LÂDİKLİ HACI AHMET AĞA MEZARI – SARAYÖNÜ – KONYA
Lâdikli Hacı Ahmet Ağa ( 1303/1887- 8 Haziran 1969)
Lâdikli Hacı Ahmet Ağa, 1303-1887 yılında Sarayönü kazasının Lâdik köyünde dünyaya geldi. Küçük yaşlarından itibaren çiftçilik ve çobanlıkla uğraştı. Osmanlı’nın buhranlı günlerinde, iki ağabeyi ile birlikte cepheye sevk edildi. Cepheden cepheye koştu. Çatalca, Makedonya, Yunanistan, Arnavutluk ve Bulgaristan savaşlarına katıldı. Balkan Harbi’ne iştirak etti. Ahmet Ağa Birinci Cihan Harbi’nde yine cephededir. Çanakkale savaşlarına katıldı. Ağabeyinin birisini Çanakkale’de, diğerini de Kırkgaziler’de şehit verdi. Burada ikinci defa yaralandı. Düşmana karşı Hicaz savunmasında Arabistan çöllerinde savaştı. Kanal Harekâtı’nda üçüncü defa yaralandı. Askerlik hayatı, yirmi beş yılı aşan Ahmet Ağa, gerçek bir “Gazi Veli” idi. Bu mânevî haline de Hicaz savunmasında aldığı bir yara ile ulaştı.
Hacı Ahmet Ağa, “Ümmî” idi, okunması yazması yoktu, ama Ariferdendi.

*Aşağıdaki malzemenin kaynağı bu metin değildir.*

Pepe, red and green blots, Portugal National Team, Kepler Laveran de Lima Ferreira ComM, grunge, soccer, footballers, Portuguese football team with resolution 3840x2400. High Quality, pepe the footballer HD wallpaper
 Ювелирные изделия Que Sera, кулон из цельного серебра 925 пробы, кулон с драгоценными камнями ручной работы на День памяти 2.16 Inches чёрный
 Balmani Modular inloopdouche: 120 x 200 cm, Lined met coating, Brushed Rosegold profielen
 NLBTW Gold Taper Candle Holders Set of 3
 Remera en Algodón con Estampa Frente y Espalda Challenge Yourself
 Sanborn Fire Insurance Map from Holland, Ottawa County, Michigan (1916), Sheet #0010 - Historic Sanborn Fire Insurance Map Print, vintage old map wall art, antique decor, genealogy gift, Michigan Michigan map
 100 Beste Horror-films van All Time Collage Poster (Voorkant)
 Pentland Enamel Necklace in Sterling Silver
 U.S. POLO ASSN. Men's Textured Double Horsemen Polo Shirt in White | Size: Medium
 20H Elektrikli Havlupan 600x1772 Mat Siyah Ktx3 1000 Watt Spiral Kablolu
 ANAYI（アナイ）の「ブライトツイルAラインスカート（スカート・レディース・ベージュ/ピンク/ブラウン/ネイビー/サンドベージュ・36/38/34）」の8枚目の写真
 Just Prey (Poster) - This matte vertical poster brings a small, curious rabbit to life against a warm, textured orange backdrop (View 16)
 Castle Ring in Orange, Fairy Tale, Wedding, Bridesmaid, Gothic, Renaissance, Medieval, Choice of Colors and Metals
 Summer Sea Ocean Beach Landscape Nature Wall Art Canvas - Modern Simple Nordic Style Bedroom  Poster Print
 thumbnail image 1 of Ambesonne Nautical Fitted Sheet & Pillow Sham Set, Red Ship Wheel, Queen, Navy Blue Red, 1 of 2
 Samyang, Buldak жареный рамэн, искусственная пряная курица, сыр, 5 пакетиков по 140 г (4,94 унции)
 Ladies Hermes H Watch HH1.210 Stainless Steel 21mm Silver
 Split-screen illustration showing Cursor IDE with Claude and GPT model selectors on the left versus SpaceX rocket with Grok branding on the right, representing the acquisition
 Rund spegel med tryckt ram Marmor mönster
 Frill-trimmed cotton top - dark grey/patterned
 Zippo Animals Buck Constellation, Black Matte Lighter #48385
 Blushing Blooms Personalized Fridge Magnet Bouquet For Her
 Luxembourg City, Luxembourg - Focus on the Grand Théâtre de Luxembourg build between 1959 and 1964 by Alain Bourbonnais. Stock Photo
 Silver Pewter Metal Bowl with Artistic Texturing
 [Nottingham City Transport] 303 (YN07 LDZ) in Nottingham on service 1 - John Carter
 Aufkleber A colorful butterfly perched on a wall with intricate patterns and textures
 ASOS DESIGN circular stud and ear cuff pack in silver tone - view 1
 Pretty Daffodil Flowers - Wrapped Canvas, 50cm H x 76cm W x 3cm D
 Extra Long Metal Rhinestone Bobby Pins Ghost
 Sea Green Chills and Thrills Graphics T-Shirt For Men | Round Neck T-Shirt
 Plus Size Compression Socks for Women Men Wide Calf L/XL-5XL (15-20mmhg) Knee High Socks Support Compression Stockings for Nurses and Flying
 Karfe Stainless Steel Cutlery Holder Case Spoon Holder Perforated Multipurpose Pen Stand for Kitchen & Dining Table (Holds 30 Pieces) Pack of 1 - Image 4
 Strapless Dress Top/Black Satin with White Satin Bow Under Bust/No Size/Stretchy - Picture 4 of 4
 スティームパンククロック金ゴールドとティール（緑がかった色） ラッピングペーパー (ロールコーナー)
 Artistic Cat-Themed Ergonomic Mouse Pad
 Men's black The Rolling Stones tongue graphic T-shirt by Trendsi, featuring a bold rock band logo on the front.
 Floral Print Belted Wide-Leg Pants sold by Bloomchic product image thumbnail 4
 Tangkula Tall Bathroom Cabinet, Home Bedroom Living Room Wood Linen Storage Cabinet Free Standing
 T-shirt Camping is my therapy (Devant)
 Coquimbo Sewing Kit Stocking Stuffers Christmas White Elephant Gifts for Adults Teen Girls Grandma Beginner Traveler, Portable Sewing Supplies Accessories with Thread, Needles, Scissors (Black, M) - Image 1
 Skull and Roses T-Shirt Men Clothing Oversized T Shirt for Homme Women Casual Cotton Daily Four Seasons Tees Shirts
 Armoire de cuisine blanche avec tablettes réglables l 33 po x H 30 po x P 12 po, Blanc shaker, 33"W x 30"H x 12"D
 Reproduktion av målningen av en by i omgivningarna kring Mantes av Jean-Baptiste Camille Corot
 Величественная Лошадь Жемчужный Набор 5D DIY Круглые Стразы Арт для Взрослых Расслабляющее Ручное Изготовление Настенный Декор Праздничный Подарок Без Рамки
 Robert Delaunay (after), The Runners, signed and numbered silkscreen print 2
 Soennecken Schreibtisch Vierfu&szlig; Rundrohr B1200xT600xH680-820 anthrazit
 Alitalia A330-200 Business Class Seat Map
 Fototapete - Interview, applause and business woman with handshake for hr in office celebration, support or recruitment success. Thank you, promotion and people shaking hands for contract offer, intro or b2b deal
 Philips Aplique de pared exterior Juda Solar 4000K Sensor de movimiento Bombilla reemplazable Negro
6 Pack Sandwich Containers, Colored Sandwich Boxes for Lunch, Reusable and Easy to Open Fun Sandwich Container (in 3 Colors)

Bu sebeple cahillikle ümmiliği, kesin çizgilerle biribirinden ayırmak gerekir. Zira hiçbir zaman Allah, cahil bir kimseyi kendisine dost edinmez. Dost edineceği kimseye, önce ilm-i ledünninden ilim verir ve onu hikmet sahibi yapar, sonra velâyet mertebesine yükseltir. İşte Ahmet Ağa da, böyle hikmet sahibi, müstesna şahsiyetlerden birisi idi. Kendisini çölden kurtaran atlının Hızır Aleyhisselâm olduğu ve sonradan kendisiyle sık sık görüştüğü söylentisi yaygındır. Hacı Ahmet Ağa, açık keramet izhar eder ve kendisine verilen manevi görevleri hiç çekinmeden anlatırdı.
Lâdikli Hacı Ahmet Ağa, rahatsızlığı sebebiyle bir süre kaldırıldığı Devlet Hastanesi’nde yattı. Taburcu olup evine döndükten sonra, Mevlâ’ya kavuşma vaktinin geldiğini anlamış ve vasiyetlerini yaparak tevhit ve şahadetlerle “Allah Allah” diyerek 8 Haziran 1969’da hasretini çektiği Mevlâ’sına kavuştu.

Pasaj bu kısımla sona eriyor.